As Airbus expands and improves its product line, the company is focusing on making aircraft that are more fuel efficient, quieter and more environmentally friendly than ever before.
Since 2006, Airbus has reduced volatile organic compound (VOC) emissions by nearly 30 percent in Europe alone. This is part of its Blue5 initiative that is striving for improved environmental performance by maximizing the use of eco-efficient technologies and processes at its production sites worldwide.
The Airbus Blue5 Initiative
Blue5 is an initiative that aims to make manufacturing as sustainable as possible. Working according to a five-pronged plan it is committed to:
- Saving energy by reducing energy consumption across the board
- Saving water by making better use of global water resources
- Reducing waste by recycling materials where possible
- Reducing carbon dioxide (CO2) emissions through innovation
- Reducing harmful VOC emissions by eliminating them at source
The company has made substantial headway in all five environmental areas, using several aircraft to benchmark its achievements. For instance, the spacious and luxurious A380, introduced in 2007, has become the yardstick for low noise levels and fuel efficiency. New-generation jets including the wide-body A350 XWB and the new engine option A320neo, are pushing the envelope even further.
The A350 XWB, introduced less than two years ago, in January 2015, boasts 25 percent lower fuel consumption to its aluminum long-range competitors. The A320neo, which had its maiden flights with different engines in September 2014 and May 2015, is faster than any other jet, and it can cruise at an altitude of up to 39,000 feet.
Airbus Commitment to Reduce VOC Emissions
Once VOCs have been produced, they are extremely expensive, difficult and time consuming to deal with. This is why it’s vital to tackle reduction at source. Not only is this a good environmental solution, but it also helps to reduce potential health risks that could affect humans for a long time.

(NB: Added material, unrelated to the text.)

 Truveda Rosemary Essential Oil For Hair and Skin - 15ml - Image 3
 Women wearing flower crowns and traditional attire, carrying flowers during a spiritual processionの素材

Statistics released by Airbus show that between 2006 and 2014 VOC emissions based on revenue were reduced by 54.1 percent, and absolute VOC emissions were reduced by 22.9 percent.
The first Airbus production sites to take definitive steps to reduce VOC emissions are all based in Europe. All have focused on specific programs. For example:
- Production sites in Getafe and Puerto Real in Spain have replaced the high VOC methyl ethyl ketone (MEK) with low and zero VOC cleaners.
- The site in Hamburg, Germany has adopted the use of encapsulated spray guns for spot repairs of fuselages in the structure assembly.
- The site in Broughton, UK has replaced the use of high-solids primers with water-based primers to reduce VOC emissions.
- Various French sites have focused on new painting technologies using water-based and low VOC paints.
Replacement of MEK
MEK is a very high VOC product that has largely been replaced by Diestone DLS in liquid form and in wipes used to clean aircraft before sealing. Using wipes results in a decrease of the amount of cleaner used, and because they are packaged in small canisters, unnecessary VOC evaporation is avoided.
In Spain Airbus has gone a step further, and has substituted DLS with A8284, which is a zero VOC product. Initially delivered in liquid form and dispensed in bottles, it is being replaced gradually with wipes at both Getafe and Puerto Real sites.
Airbus reports that the Puerto Real production site has reduced VOC emissions by 1.4 tonnes annually, and the Getafe site by an estimated 3.5 tonnes annually.
Encapsulated Spray Guns Used for Spot Repairs
Spot repairs on aircraft don’t need much paint, and by introducing lightweight encapsulated spray guns, the Hamburg site has reduced its paint wastage by about 90 percent. The guns weigh only 8 kg and have a holding capacity of just 200 ml.
Since a smaller quantity of cleaning products is required for the new spray guns, VOC emissions during the cleaning process have been reduced by 80 percent. A further reduction in VOC vapors takes place via direct suction at source when the guns are in use.
Replacement of High-Solids Primers
The Broughton site is set to reduce VOC emissions by about 3 tonnes a year, by using water-based primers and topcoats instead of high solids paints in its component manufacturing paint booths.
The paint plant has been modified and electrostatic spray equipment optimized for water-based products, introduced. Modifications to mixing and recirculation equipment are being implemented.
New Painting Technologies
The French VOC reduction program has been hugely successful, with reports of a 51 percent drop in VOC emissions at French sites in general. This has been achieved by using:
- new paint technologies
- low VOC and water-based paints
- a base coat/clear coat painting system
- wipes that are pre-impregnated
The program also involves implementing a system that avoids solvent evaporations and uses new technologies for cleaning painting tools, as well as use of a solvent recycler.